Les différentes procédures de recouvrement des créances client

Selon le montant de l’impayé, la situation du débiteur (solvabilité, éventuelle récidive d’incidents de paiement…) et les objectifs commerciaux (préservation ou non de la relation), le recouvrement d’une créance client pourra faire appel à différentes procédures qui s’inscriront dans un processus gradué. Une règle impérative est à considérer : l’équilibre entre les moyens mis en œuvre et le résultat escompté.

La relance commerciale

Généralement effectuée via un courrier de rappel (postal ou électronique) et/ou une relance téléphonique, cette première procédure de recouvrement vise à déclencher un règlement rapide dès constatation de l’impayé. Elle permet en outre de résoudre un éventuel problème conjoncturel (simple oubli, difficulté passagère de trésorerie, contestation de facture…) sans porter préjudice à la relation client. Souvent prise en charge en interne, la relance commerciale peut aussi être externalisée via une agence spécialisée, notamment en cas de volumes importants.

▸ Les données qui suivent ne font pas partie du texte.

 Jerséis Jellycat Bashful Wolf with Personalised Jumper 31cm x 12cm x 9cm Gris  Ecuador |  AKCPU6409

Les procédures de recouvrement amiable

Lorsqu’une simple relance reste sans effet, une démarche plus soutenue de recouvrement amiable va multiplier les rappels et faire monter peu à peu la pression, tout en recherchant un arrangement (par exemple un échéancier) dans l’intérêt des deux parties. Plus chronophage, ce processus voit son efficacité reposer sur de réelles compétences en termes de négociation et de gestion des litiges. L’externalisation est souvent la solution.

Le recours à une agence de recouvrement

Faire appel à une société de recouvrement permet au commerçant ou à l’entrepreneur créancier de ne pas se disperser et de se concentrer sur son cœur de métier, tout en apportant l’intercession d’un tiers neutre et objectif dont le statut augmente les probabilités de succès.

Le recouvrement amiable par huissier ou avocat

Degré supplémentaire dans la démarche, le recours à un huissier ou à un avocat (directement ou dans le cadre des prestations d’une société de recouvrement) renforce la dimension persuasive du processus, sans toutefois, à ce stade, bénéficier du pouvoir contraignant d’un titre exécutoire.

Si le recouvrement amiable n’aboutit pas, il se soldera par une mise en demeure par courrier recommandé avec accusé de réception ou une sommation par voie d’huissier, préalable nécessaire à tout recours judiciaire.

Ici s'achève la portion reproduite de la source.